▸ **DESCRIPTION OF THE TASK**: Starting with the line that contains "에이씨델코 PAO 합성 엔진오일, 2개, 5w30, 1L", give again exactly and only each line through the end of the records; include the last line and exclude pictures.

-------- TASK INPUT

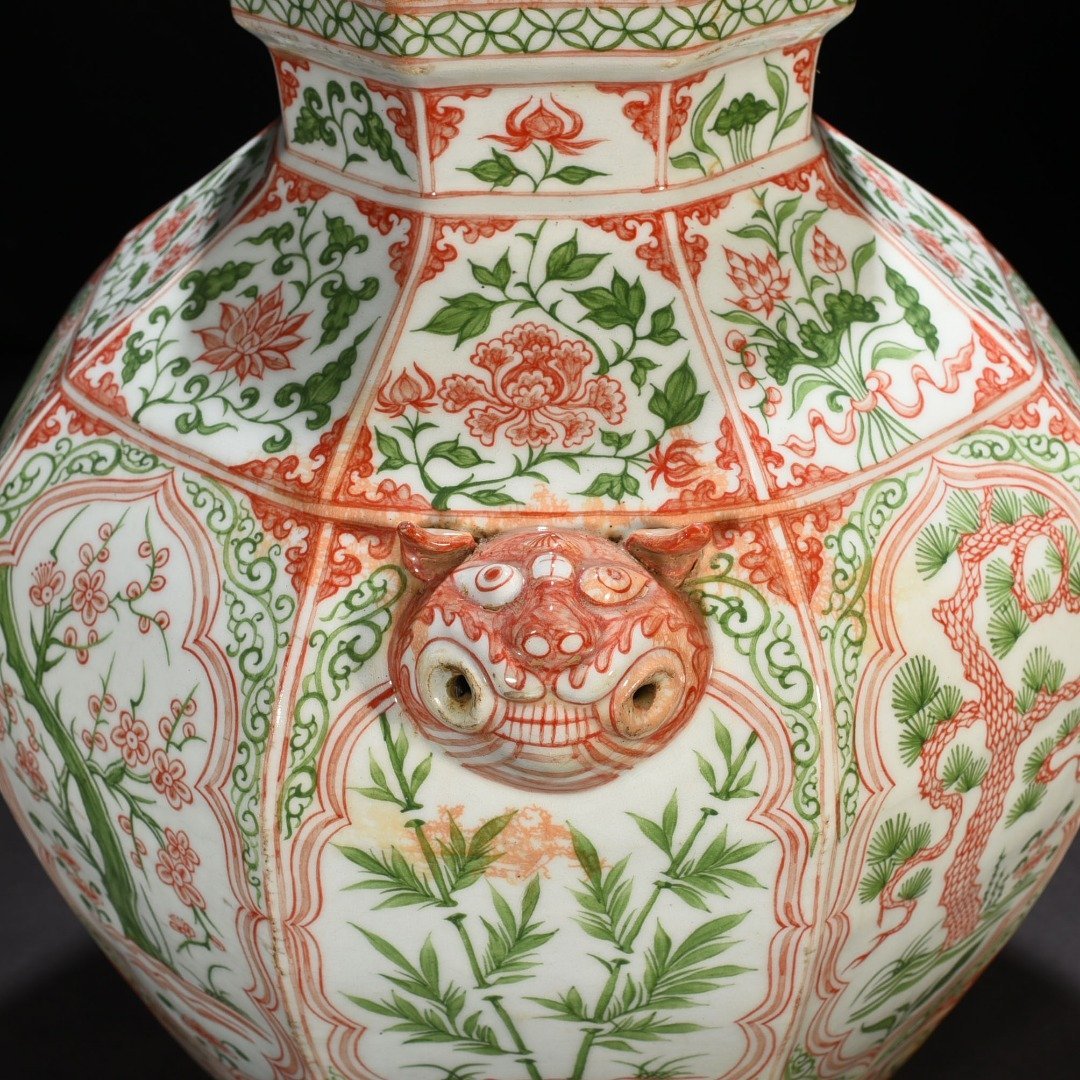 Yuan Dynasty underglaze red and green colored pine bamboo plum and lotus jar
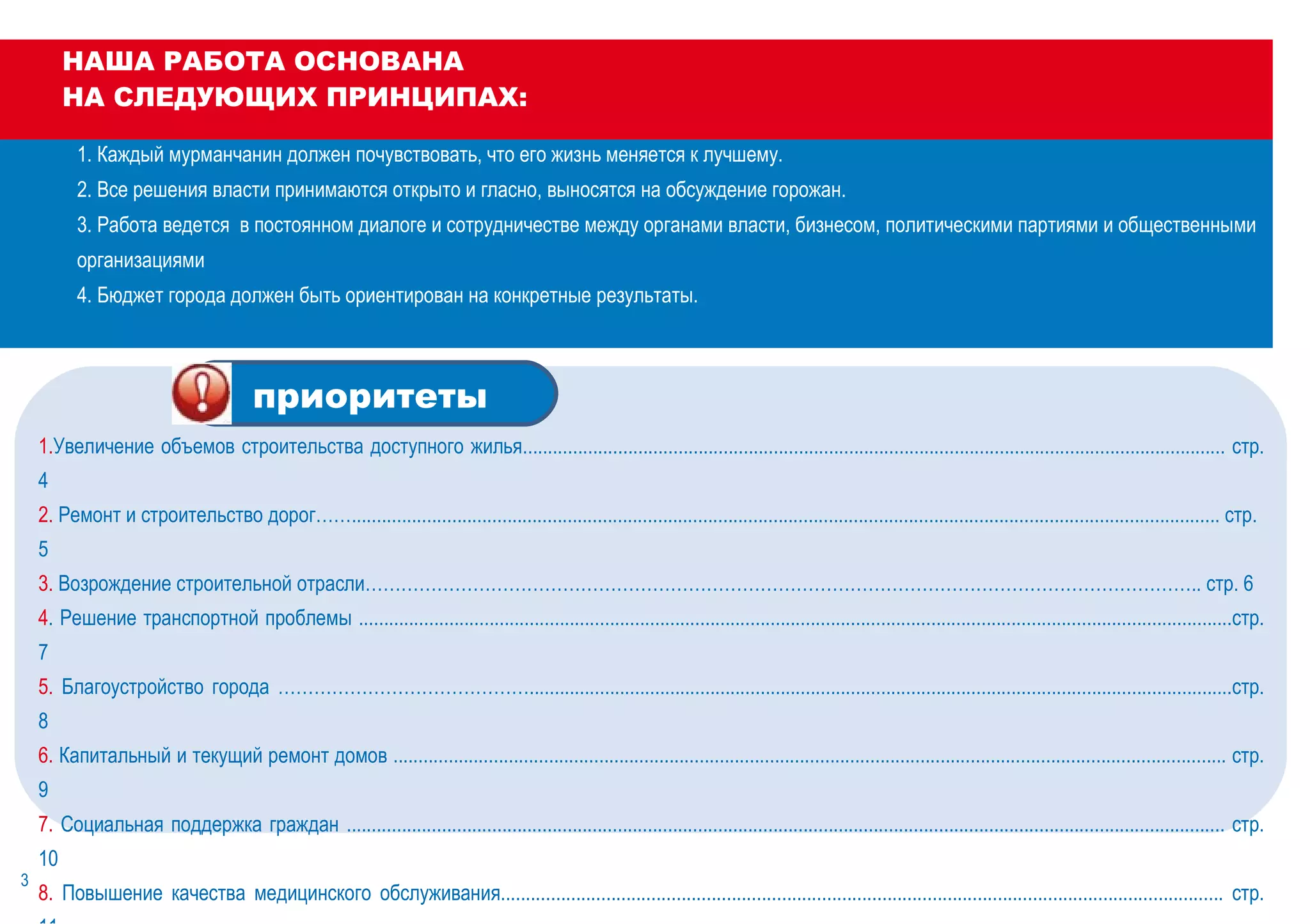1. Увеличение объемов строительства доступного жилья............................................................................................................................................ стр. 4 2.  Ремонт и строительство дорог……............................................................................................................................................................................. стр. 5 3.  Возрождение строительной отрасли………………………………………………………………………………………………………………………….. стр. 6 4 . Решение транспортной проблемы ..............................................................................................................................................................................стр. 7 5.  Благоустройство города ……………………………………............................................................................................................................................стр. 8 6.  Капитальный и текущий ремонт домов ...................................................................................................................................................................... стр. 9 7.  Социальная поддержка граждан ............................................................................................................................................................................... стр. 10 8.  Повышение качества медицинского обслуживания................................................................................................................................................ стр. 11 9.  Увеличение количества мест в детских садах ........................................................................................................................................................ стр. 12 10.  Поддержка культуры и массового спорта .............................................................................................................................................................. стр. 13 приоритеты НАША РАБОТА ОСНОВАНА  НА СЛЕДУЮЩИХ ПРИНЦИПАХ: 1. Каждый мурманчанин должен почувствовать, что его жизнь меняется к лучшему. 2. Все решения власти принимаются открыто и гласно, выносятся на обсуждение горожан. 3. Работа ведется  в постоянном диалоге и сотрудничестве между органами власти, бизнесом, политическими партиями и общественными организациями  4. Бюджет города должен быть ориентирован на конкретные результаты.  3 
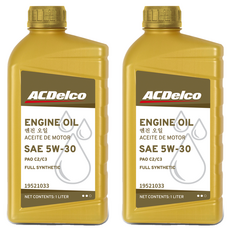 에이씨델코 PAO 합성 엔진오일, 2개, 5w30, 1L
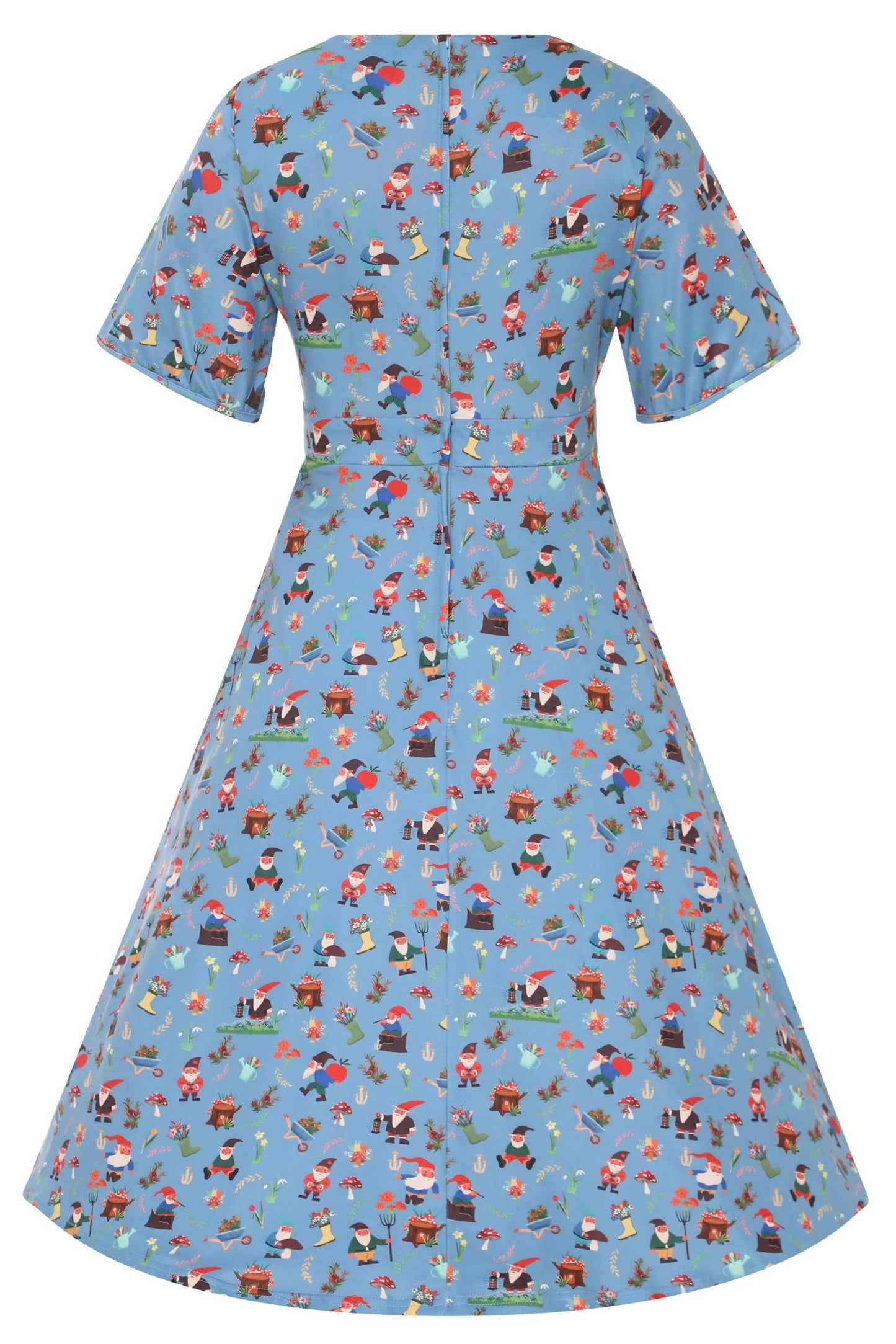 Janice Blue Petal Sleeved Tea Dress in Garden Gnome Print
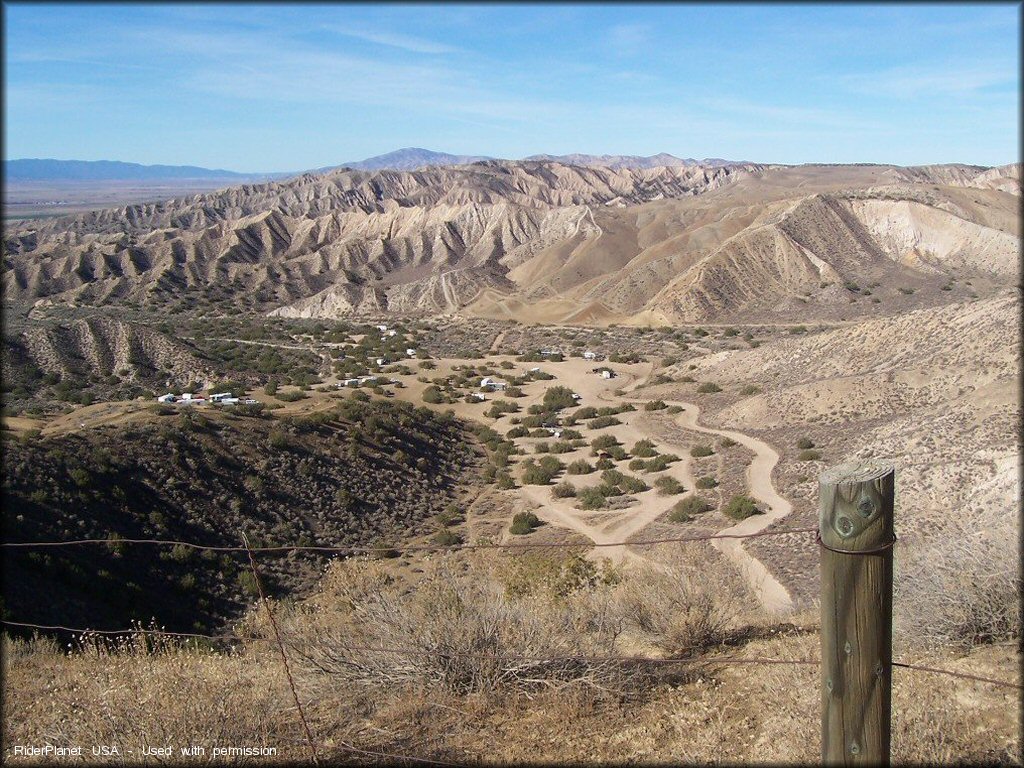 A scenic top down view of the of the RV campground and the ATV staging area.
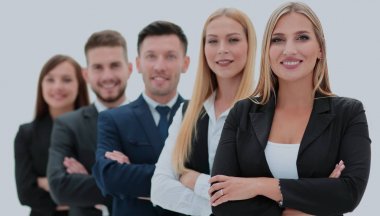 Takım başarılı ve kendine güvenen insan üzerinde beyaz bir backgr poz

----------------

▸ **REPLY TO THE TASK**:
 에이씨델코 PAO 합성 엔진오일, 2개, 5w30, 1L
 Janice Blue Petal Sleeved Tea Dress in Garden Gnome Print
 A scenic top down view of the of the RV campground and the ATV staging area.
 Takım başarılı ve kendine güvenen insan üzerinde beyaz bir backgr poz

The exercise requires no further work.